NZOG is set to rapidly increase its production as the offshore Taranaki Tui Area oil and Kupe gas-condensate fields come onstream, managing director David Salisbury told the conference yesterday.
He said his company, which is listed on both the Australian and New Zealand bourses, would see petroleum production increase from nothing to over 1 million barrels of oil equivalent (MMboe) in about a year.
He said NZOG had a market capitalisation of about $NZ270 million ($A239.5 million) and already had debt facilities in place for its two petroleum projects: $US40 million ($A48.5 million) for Tui and $NZ159 million for Kupe. It had also accumulated tax losses of about $NZ104 million.
In addition, NZOG also holds an almost 10% interest in fellow Tui partner, Sydney-based junior Pan Pacific Petroleum.
NZOG’s total proved and probable reserves are presently about 13.5MMboe.
Salisbury said success in NZOG’s 2007-08 exploration campaign could see initial net forecast production climbing from about 200,000boe in 2007 to over 1.5MMboe in 2011 and beyond.
Success with future new ventures could see that level of production climb even higher, Salisbury said.
NZOG’s forecast earnings before interest, taxation, depreciation and amortisation were on track to exceed $NZ70 million in 2007-08 (all from Tui), dropping to about $34 million the next year, then climbing to above $50 million by 2011-12 (from Tui and Kupe).
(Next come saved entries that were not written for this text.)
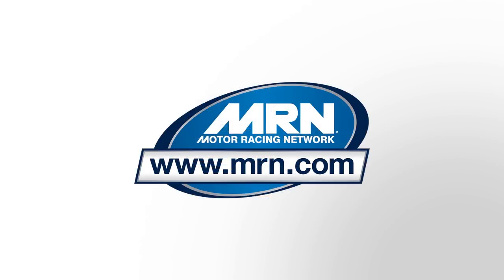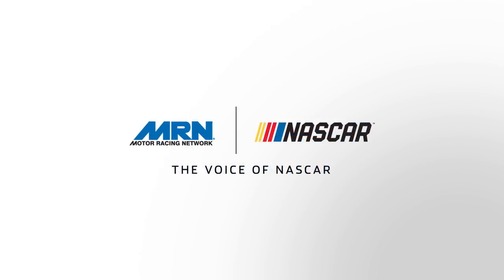The new mobile-friendly website launches this February, but you can add this icon now and not miss any of our news, statistics, or original audio and video content. Plus, you'll still be able to listen to practice, qualifying, and our race broadcasts.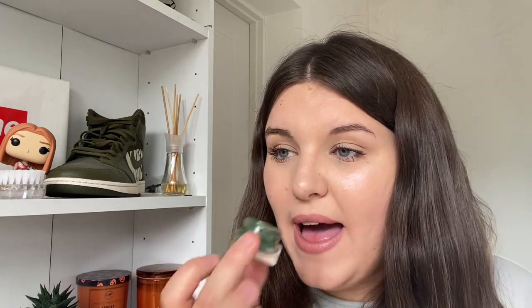Next for my underrated Lush products we have a solid perfume — the Lord of Misrule solid perfume. I'm not saying Lord of Misrule isn't popular as a scent; I just mean solid perfumes in general don't feel very popular anymore and I think they're really underrated. I love solid perfumes — they're so handy to chuck in your bag and top up on your wrist and neck throughout the day. The scent really stays on you; I used this at the zoo and by four o'clock I could still smell it on my wrist.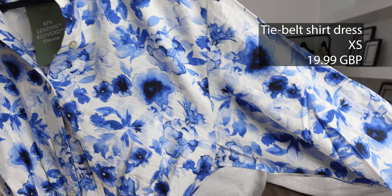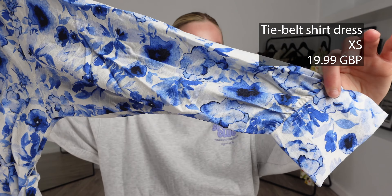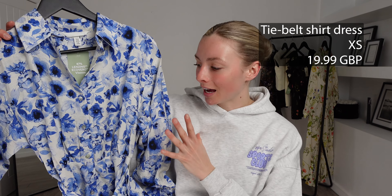For my first item in today's haul I picked out the tie bell shirt dress. I got this in an extra small and this one was £19.99. If you've never had one of these sort of dresses from H&M, what have you been wearing in spring and summer? Because these are an essential — they always look very cute. They're the perfect summer dress because they can go with every occasion and you can dress them up or down. This one is in a really lightweight and breathable material but it feels of really good quality as well, and the colors are stunning. I cannot wait to try this one on.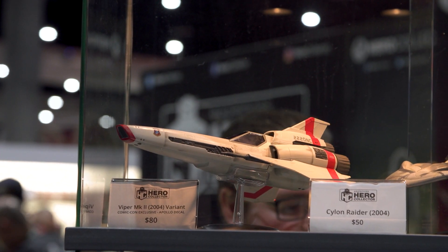Hey everybody, it's Norm from Tested. I'm here at Comic-Con 2018, can you believe it? And stopped by the Eaglemoss booth. Costa, you and Eaglemoss put out so many ships.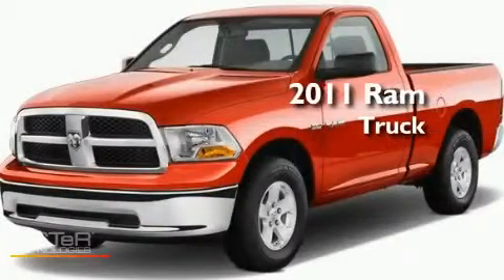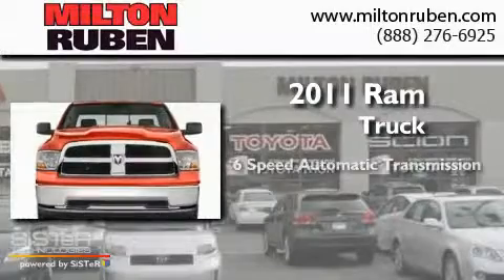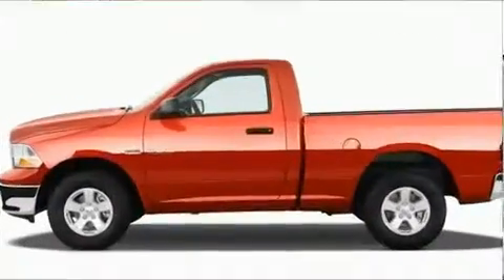This is a brand new 2011 Ram truck. This truck has a six-speed automatic transmission, an inline six-cylinder engine, and four-wheel drive.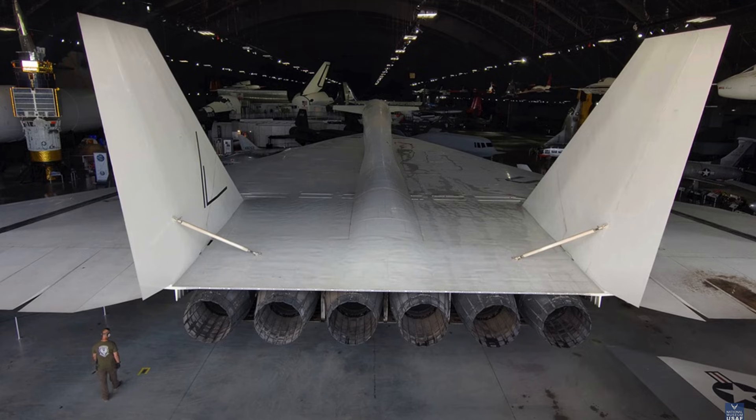Today, the XB-70 is remembered as an engineering marvel. It symbolizes a period when speed and altitude were paramount. Few aircraft have combined innovation, risk, and ambition so effectively. Museums and historians preserve its story for future generations. Even decades later, it continues to inspire aerospace engineers. Its legacy as a record-breaking, revolutionary aircraft is secure.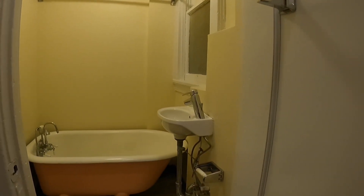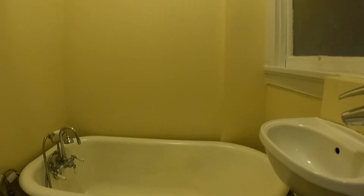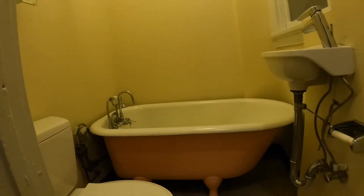Hello, welcome to 550 Leavenworth, unit 25. This studio has a full bath with tub and shower — it's a clawfoot tub. There is also a sink, medicine cabinet, and toilet in here as well.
While Tui Area production would be negligible in the 2006-07 financial year, NZOG’s 12.5% share of production was expected to be about 1.2MMboe in 2007-08, 600,000boe a year later and about 400,000boe in 2009-2010. This would taper off to about 200,000boe in 2012-13.
Initial production from the Tui, Amokura and Pateke oil pools, of up to 50,000 barrels of oil per day, is scheduled to start from late June. The pools hold an estimated 27.9MMbbl of recoverable oil.
Salisbury said Kupe, which is expected to come onstream in mid-2009, would be a more constant contributor – with NZOG’s 15% share of condensate and sales gas production amounting to about 850,000boe for each of at least the first four years of field life.
Total NZOG 2P Kupe reserves were estimated to be about 10MMboe.
Total field production – of up to 70 terajoules per day of gas production, 5271bbl of condensate per day and 2.5 tonnes of liquefied petroleum gas per day – was scheduled to last to at least 2025.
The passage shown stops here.